▶ Task description: Write out, from the entries below, exactly the lines that run between the lines holding "18K SORTIJA ABIERTA" and "Modian Colorful Flower", inclusive, and stop there.

▶ Extracted records:
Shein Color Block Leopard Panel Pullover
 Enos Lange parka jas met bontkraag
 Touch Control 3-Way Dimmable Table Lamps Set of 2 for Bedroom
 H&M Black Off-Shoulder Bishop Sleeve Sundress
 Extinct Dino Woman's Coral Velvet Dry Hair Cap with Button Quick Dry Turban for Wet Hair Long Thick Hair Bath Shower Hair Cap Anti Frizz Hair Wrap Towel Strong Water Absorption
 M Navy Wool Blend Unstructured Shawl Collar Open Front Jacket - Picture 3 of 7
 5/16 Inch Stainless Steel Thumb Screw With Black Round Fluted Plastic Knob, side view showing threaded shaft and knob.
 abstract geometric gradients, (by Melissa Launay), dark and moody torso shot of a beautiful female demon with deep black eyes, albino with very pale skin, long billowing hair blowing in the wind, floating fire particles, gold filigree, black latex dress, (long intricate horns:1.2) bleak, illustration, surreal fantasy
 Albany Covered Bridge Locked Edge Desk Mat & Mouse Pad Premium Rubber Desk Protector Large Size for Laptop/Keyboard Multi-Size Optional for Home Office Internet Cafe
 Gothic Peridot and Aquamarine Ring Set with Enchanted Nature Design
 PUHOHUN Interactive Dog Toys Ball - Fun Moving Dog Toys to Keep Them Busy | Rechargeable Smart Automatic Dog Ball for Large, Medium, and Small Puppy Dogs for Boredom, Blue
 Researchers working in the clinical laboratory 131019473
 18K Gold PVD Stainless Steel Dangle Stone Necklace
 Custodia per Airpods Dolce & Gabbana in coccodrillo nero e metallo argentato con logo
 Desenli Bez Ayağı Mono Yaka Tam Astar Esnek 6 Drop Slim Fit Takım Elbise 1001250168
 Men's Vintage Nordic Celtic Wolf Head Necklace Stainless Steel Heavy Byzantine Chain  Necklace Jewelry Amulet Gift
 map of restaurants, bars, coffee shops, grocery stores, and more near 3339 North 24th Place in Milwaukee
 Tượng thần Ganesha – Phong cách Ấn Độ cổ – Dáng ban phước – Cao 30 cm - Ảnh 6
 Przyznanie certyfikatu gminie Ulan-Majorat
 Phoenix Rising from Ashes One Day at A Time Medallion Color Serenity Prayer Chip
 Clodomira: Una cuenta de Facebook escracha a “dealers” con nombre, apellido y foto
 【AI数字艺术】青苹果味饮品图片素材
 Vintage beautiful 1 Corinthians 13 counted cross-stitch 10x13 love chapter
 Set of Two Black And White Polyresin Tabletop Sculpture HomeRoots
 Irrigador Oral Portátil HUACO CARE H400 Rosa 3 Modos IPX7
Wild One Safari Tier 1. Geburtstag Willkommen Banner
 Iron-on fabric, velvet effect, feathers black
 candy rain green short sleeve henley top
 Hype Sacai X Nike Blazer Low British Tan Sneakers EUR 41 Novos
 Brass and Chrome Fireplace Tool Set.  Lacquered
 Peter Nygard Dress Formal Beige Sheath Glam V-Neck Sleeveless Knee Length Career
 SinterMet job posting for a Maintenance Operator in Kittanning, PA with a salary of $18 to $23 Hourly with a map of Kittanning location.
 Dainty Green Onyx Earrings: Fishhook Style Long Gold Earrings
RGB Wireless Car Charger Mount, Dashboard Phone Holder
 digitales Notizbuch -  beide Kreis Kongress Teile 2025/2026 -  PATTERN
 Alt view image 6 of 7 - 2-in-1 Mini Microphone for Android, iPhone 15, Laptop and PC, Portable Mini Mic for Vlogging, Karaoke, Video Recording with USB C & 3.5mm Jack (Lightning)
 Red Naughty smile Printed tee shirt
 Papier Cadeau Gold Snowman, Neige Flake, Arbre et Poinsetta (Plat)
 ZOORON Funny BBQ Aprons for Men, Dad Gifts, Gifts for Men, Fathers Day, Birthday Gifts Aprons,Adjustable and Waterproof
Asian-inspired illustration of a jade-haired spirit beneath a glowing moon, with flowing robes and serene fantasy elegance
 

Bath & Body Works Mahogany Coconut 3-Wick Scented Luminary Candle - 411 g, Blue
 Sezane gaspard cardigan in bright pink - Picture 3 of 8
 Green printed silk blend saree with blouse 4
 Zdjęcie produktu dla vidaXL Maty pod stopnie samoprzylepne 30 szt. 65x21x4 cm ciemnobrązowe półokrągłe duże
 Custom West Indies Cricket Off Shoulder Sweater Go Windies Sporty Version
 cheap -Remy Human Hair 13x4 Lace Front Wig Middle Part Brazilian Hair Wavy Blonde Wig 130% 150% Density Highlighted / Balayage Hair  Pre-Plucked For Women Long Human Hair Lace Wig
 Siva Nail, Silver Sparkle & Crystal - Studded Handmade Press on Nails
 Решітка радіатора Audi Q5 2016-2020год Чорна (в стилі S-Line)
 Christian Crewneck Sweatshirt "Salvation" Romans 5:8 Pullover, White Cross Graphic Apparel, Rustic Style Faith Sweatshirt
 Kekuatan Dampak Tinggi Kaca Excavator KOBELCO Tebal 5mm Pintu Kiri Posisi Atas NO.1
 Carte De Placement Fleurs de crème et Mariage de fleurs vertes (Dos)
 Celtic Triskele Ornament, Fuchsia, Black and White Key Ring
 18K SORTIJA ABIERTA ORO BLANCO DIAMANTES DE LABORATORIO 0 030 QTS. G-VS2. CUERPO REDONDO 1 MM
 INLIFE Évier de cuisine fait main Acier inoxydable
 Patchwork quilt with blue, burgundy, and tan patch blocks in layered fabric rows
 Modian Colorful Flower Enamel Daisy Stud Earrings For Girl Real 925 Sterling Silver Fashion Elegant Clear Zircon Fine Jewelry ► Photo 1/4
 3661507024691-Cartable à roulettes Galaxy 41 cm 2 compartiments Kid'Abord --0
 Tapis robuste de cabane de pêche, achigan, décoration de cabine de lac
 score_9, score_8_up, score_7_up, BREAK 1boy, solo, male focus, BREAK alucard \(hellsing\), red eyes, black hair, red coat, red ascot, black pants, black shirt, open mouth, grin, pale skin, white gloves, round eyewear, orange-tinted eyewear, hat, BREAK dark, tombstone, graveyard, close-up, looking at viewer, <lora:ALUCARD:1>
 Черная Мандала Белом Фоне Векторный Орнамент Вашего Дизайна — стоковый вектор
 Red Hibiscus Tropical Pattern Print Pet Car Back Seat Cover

▶ Result for this task:
 18K SORTIJA ABIERTA ORO BLANCO DIAMANTES DE LABORATORIO 0 030 QTS. G-VS2. CUERPO REDONDO 1 MM
 INLIFE Évier de cuisine fait main Acier inoxydable
 Patchwork quilt with blue, burgundy, and tan patch blocks in layered fabric rows
 Modian Colorful Flower Enamel Daisy Stud Earrings For Girl Real 925 Sterling Silver Fashion Elegant Clear Zircon Fine Jewelry ► Photo 1/4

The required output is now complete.